I was afraid it wasn't going to be so simple. *sigh*
So all this banging on the keyboard to pass messages asking for the answer and then reading through all the replies is simpler than just measuring with a ruler/scale, tape measure or calipers?

I suppose it is more fun and gets you out mixing with others... even if it is virtual.
:bigmug:
 
Well, it looks like I'm going metric. Simi Valley Homebrew has some EVA Beverage line for .50/ft (5mm ID x 8mm OD) with reasonable shipping
So all this banging on the keyboard to pass messages asking for the answer and then reading through all the replies is simpler than just measuring with a ruler/scale, tape measure or calipers?

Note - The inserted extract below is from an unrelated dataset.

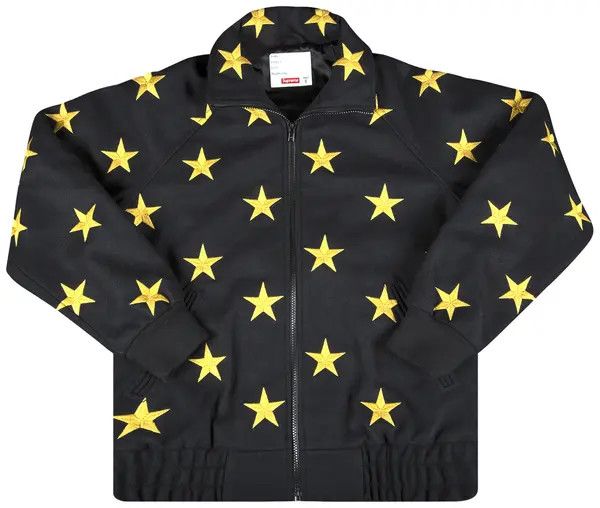 Supreme Zip Up Stadium Jacket 'FW16 Stars', Color: Black, Size: M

I suppose it is more fun and gets you out mixing with others... even if it is virtual.
:bigmug:
Well, I don't have a rule handy. :)
 
Well, it looks like I'm going metric. Simi Valley Homebrew has some EVA Beverage line for .50/ft (5mm ID x 8mm OD) with reasonable shipping

Well, I don't have a rule handy. :)
MoreBeer has the imperial measured tubing as well (bought what I'm currently using from them) with FREE shipping if you hit the minimum (pretty easy to do IME). Granted, they sell in set foot length bundles.

As for not having a rule handy.. WTH dude?? ;)
I have a couple of sets of calipers right behind me on a shelf. Tape measure within a few feet of the keezer. Then MORE calipers in the basement/garage area.

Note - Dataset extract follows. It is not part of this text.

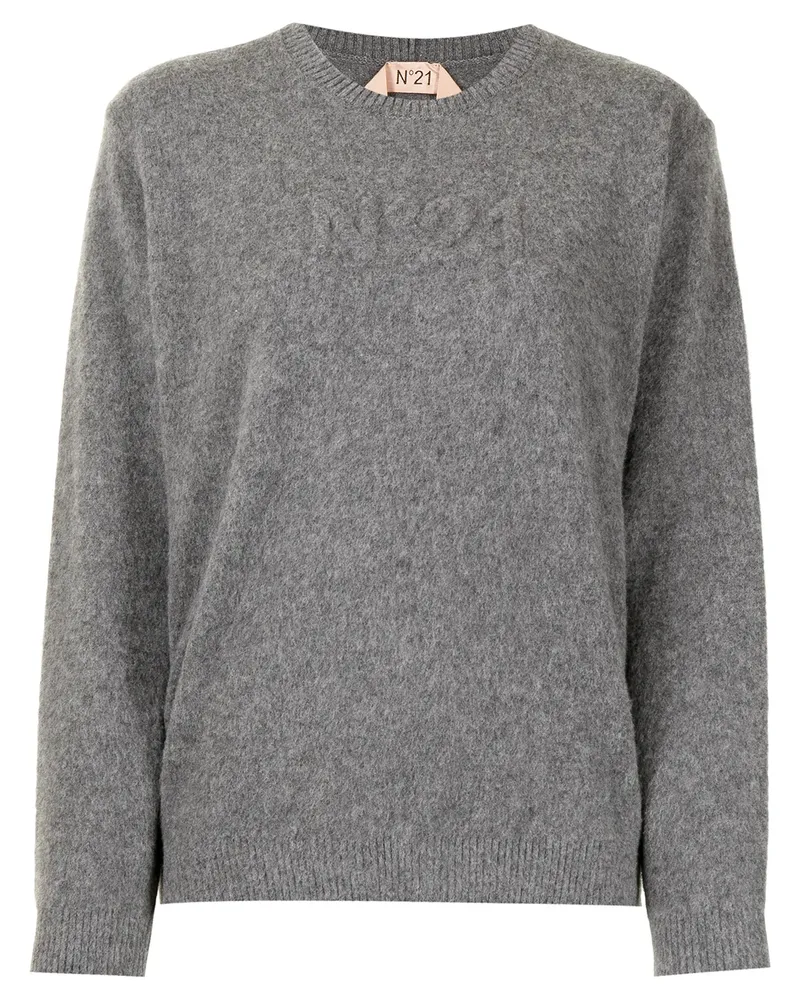 N° 21 Pullover mit Logo - Grau Grau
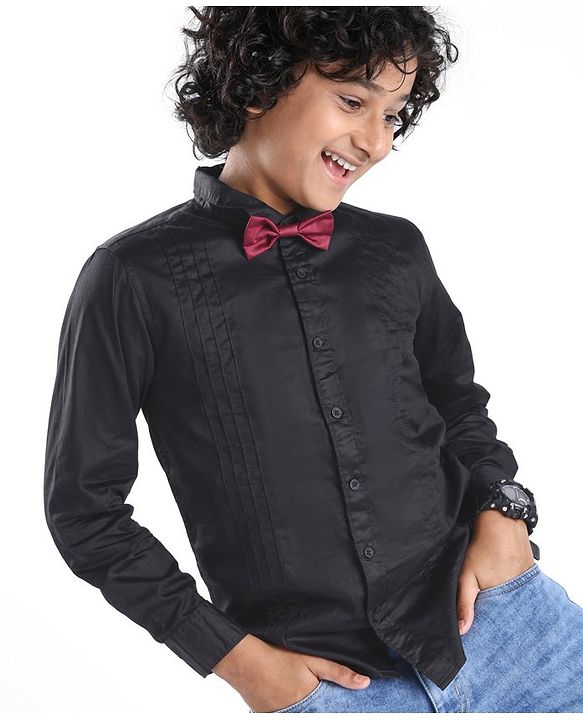 Pine Kids Cotton Woven Full Sleeves Party Shirt Solid Colour With Bow - Black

BTW, I always go with the MFL QD's for my kegging setup. That way you can easily make gas to liquid post jumpers. ;)
 
Well, it looks like I'm going metric. Simi Valley Homebrew has some EVA Beverage line for .50/ft (5mm ID x 8mm OD) with reasonable shipping
If that is EVAbarrier line, get the 4mm ID and you can use shorter lines. I use 6.5 ft of 4mm ID EVAbarrier and get similar pours to what I had when I used 10 feet of 3/16 line.
 
I hear ya Goldi, my brewery is ISO 9000 compliable. If I need to use something it is within arms reach.
Just a thought ,when I upgraded my keg lines(3/16) to EVA I had all 1/4" MFL fittings on them and used them as CO2 lines.
 
if the autosiphon is old enough to need new tubing, there will be enough scratches in the plastic to just spend the 15 bucks for a new one, no point on risking infection on the cold side for that little money.
 
if the autosiphon is old enough to need new tubing, there will be enough scratches in the plastic to just spend the 15 bucks for a new one, no point on risking infection on the cold side for that little money.
Not that its old. I just didn't rinse it out the last time I used it. You're probably right though. Since I'm cold crashing now, I guess I'll just buy a new one. No reason to be penny wise and pound/dollar foolish

EDIT: just placed an order on Amazon for an autosiphon for under $5 (before taxes.)
 
Not that its old. I just didn't rinse it out the last time I used it. You're probably right though. Since I'm cold crashing now, I guess I'll just buy a new one. No reason to be penny wise and pound/dollar foolish

EDIT: just placed an order on Amazon for an autosiphon for under $5 (before taxes.)
Taxes??? 🤔
Another reason I like living in NH. :p
I've not used a siphon (any kind) in ages. CO2 push FTW!
 
Taxes??? 🤔
Another reason I like living in NH. :p
I've not used a siphon (any kind) in ages. CO2 push FTW!
I thought about trying something similar - flood my keg with CO2, and leave the PRV open, hook the output of the siphon to a QD and put it on the "liquid" post. That would pretty much eliminate O2 contamination.
 
I thought about trying something similar - flood my keg with CO2, and leave the PRV open, hook the output of the siphon to a QD and put it on the "liquid" post. That would pretty much eliminate O2 contamination.
Initially I made a cap to go on a PET carboy. Then made kegmenters (sanke keg based) before finally going to conical fermenters. Each step was an improvement on the one before. At this point I can't see going away from conical fermenters.